Hacker News new | ask | show | jobs
by shakna 387 days ago
Files are... Flat streams. Sort of.

So if you rewrite an index at the head of the file, you may end up having to rewrite everything that comes afterwards, to push it further down in the file, if it overflows any padding offset. Which makes appending an extremely slow operation.

Whereas seeking to end, and then rewinding, is not nearly as costly.

2 comments

You can do it via fallocate(2) FALLOC_FL_INSERT_RANGE and FALLOC_FL_COLLAPSE_RANGE but sadly these still have a lot of limitations and are not portable. Based on discussions I've read, it seems there is no real motivation for implementing support for it, since anyone who cares about the performance of doing this will use some DB format anyway.

In theory, files should be just unrolled linked lists (or trees) of bytes, but I guess a lot of internal code still assumes full, aligned blocks.

Most workflows do not modify files in place but rather create new files as its safer and allows you to go back to the original if you made a mistake.
If you're writing twice, you don't care about the performance to begin with.

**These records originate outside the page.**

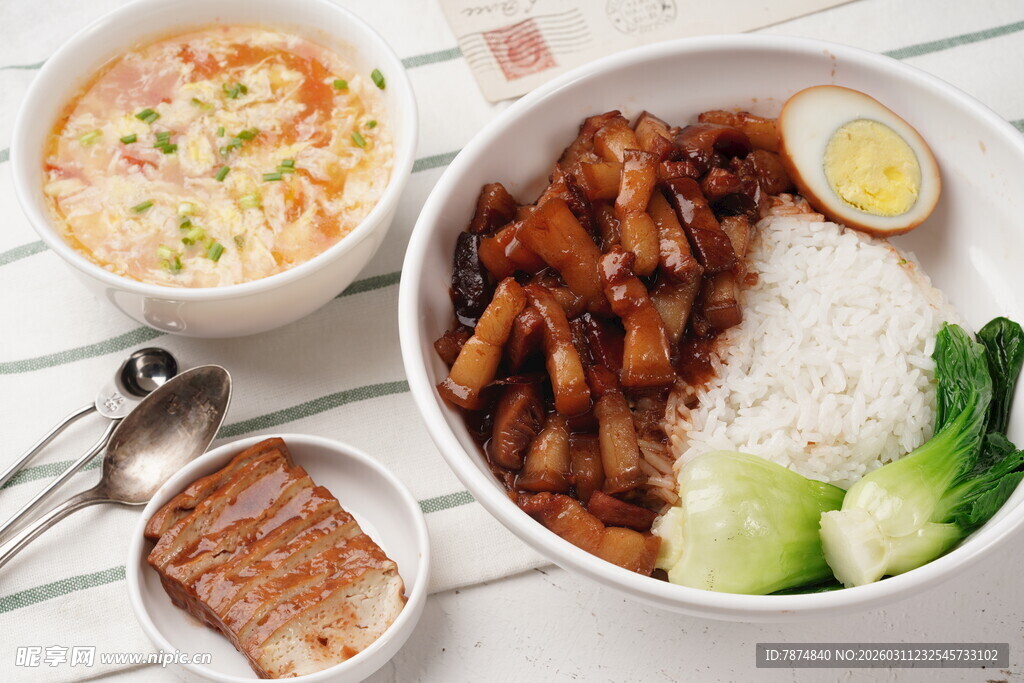 美味卤肉饭搭配多样美食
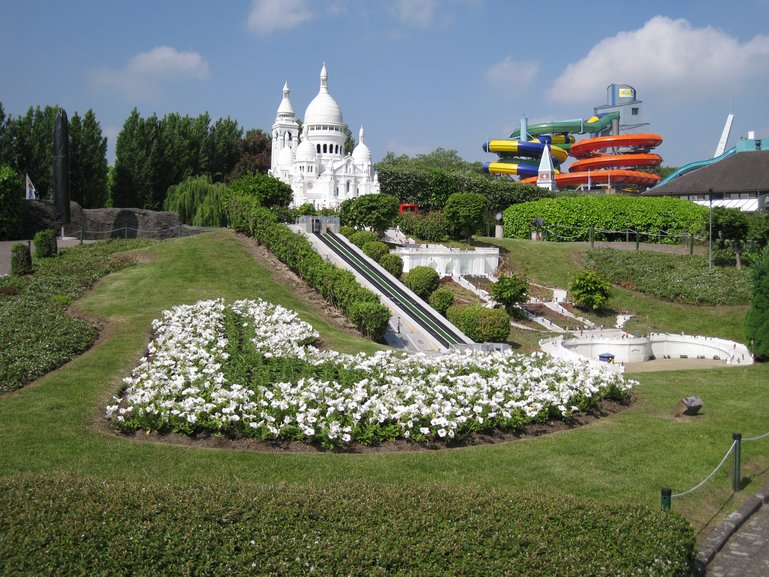 Paris Sacré-Cœur miniature, in the France area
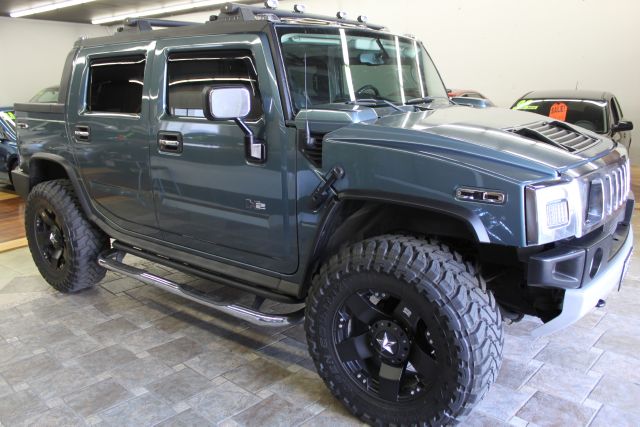 2005 Hummer H2 SUT Sport V-8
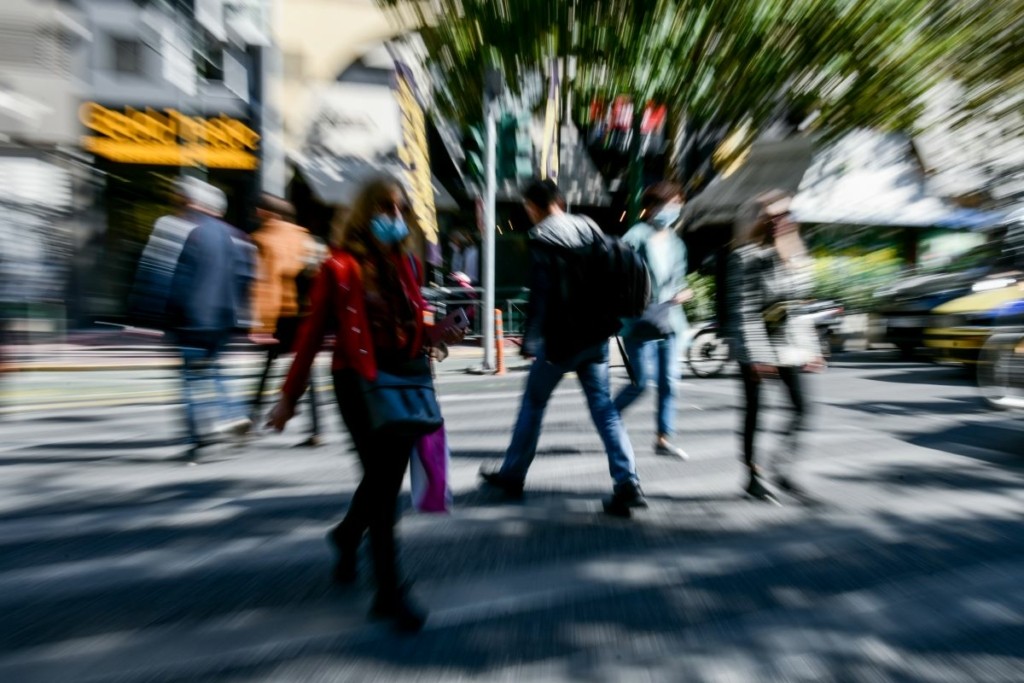 “Σε κάποιες περιοχές η πανδημία είναι μη αναστρέψιμη – Δεν θα αλλάξουν κάτι τα νέα μέτρα” (vid)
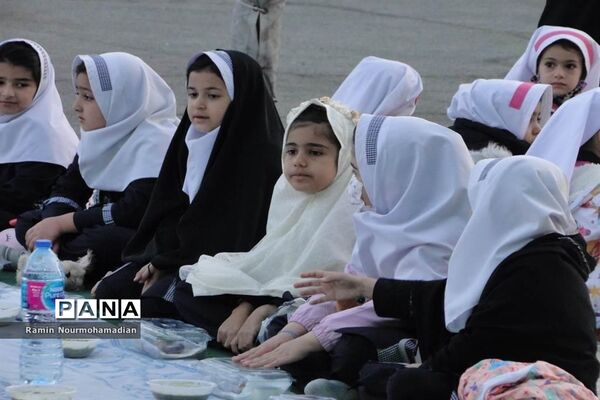 افطاری صمیمی دختران دانش آموز منطقه۹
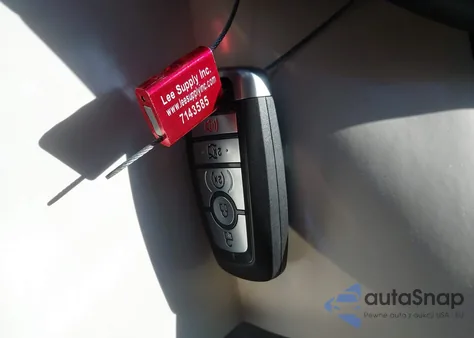 2021 Ford Escape Se z USA, uszkodzony, nr VIN 1FMCU9G69MUA94955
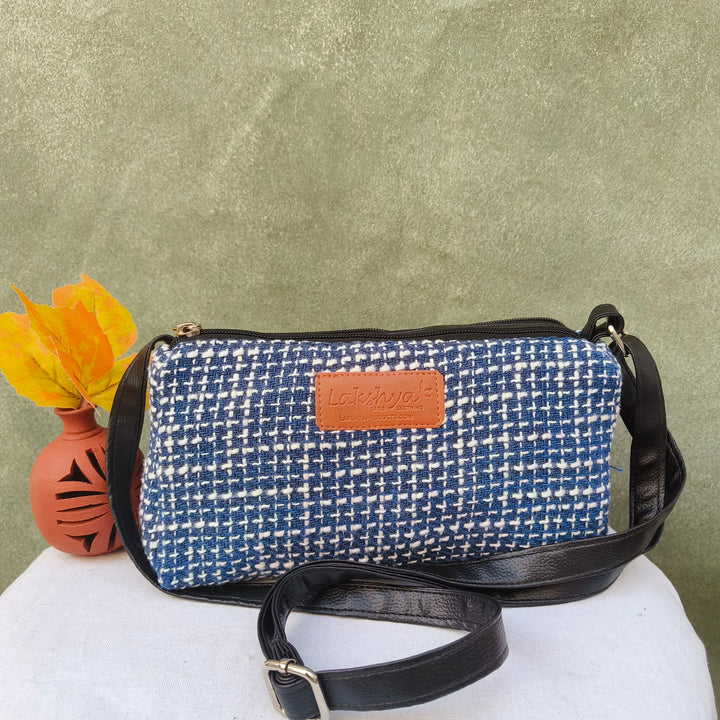 Easy Sling blue with white line print
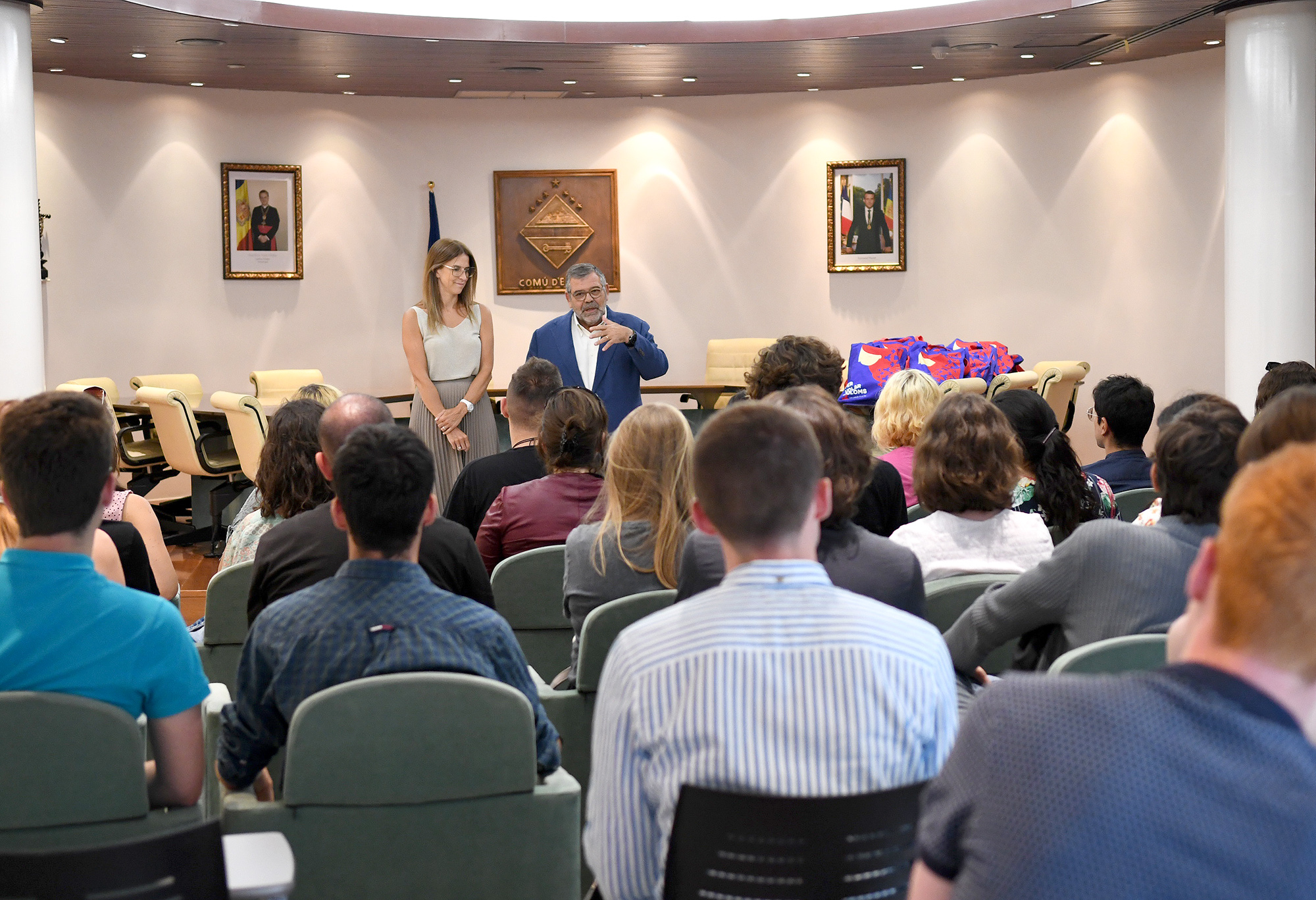 Riva i Rascagnères acullen els participants del XXI Campus Universitari de la llengua catalana a Encamp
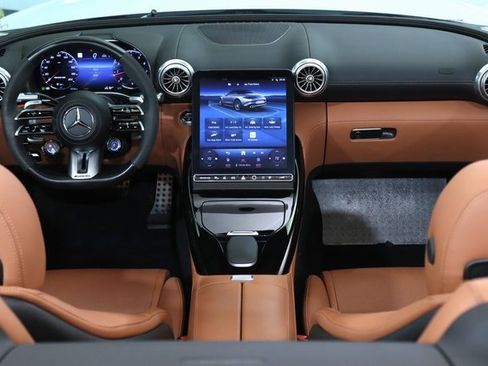 Used 2024 Mercedes-Benz SL 55 AMG 4MATIC w/ Driver Assistance Package image 21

Or the size of the files being produced.

But if you're writing indices, there's a good chance that you do care about performance.

Files are often authored once and read / used many times. When authoring a file performance is less important and there is plenty of file space available. Indices are for the performance for using the file which is more important than the performance for authoring it.
If storage and concern aren't a concern when writing, then you probably shouldn't be doing workarounds to include the index in the file itself. Follow the dbm approach and separate both into two different files.

Which is what dbm, bdb, Windows search indexes, IBM datasets, and so many, many other standards will do.

Separate files isn't always the answer. It can be more awkward to need to download both and always keep them together compared to when it's a single file.